• GOAL OF THE EXERCISE:
Look below for the line containing "Forum Syair Harian", then write out that line and every line after it to the end, exactly, minus the pictures.

• THE DATA:
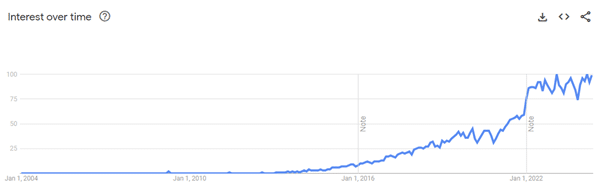 ingénieur devops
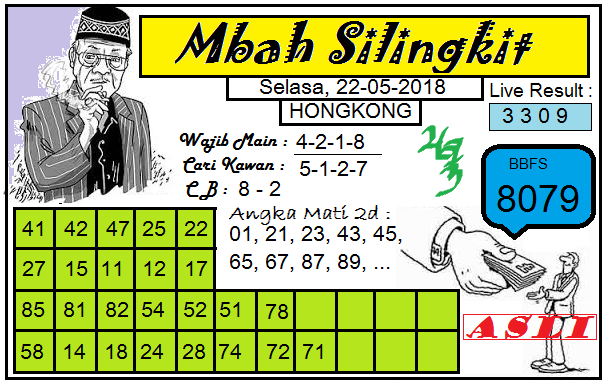 Forum Syair Harian Shio Jitu Hk 22 Mei 2018 Kode Syair Sgp Hk Sd Motesia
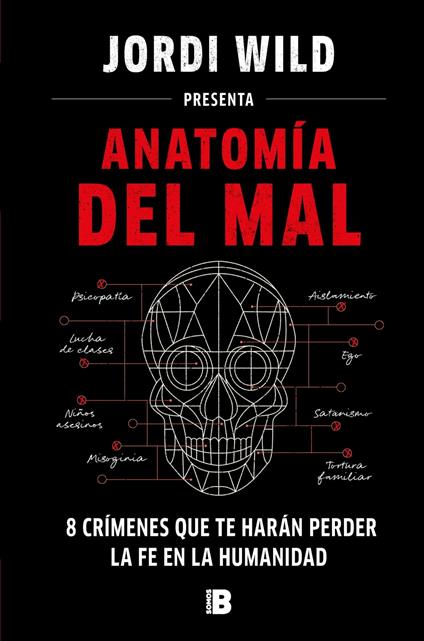 Anatomía del mal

• SOLUTION FOR THIS EXERCISE:
 Forum Syair Harian Shio Jitu Hk 22 Mei 2018 Kode Syair Sgp Hk Sd Motesia
 Anatomía del mal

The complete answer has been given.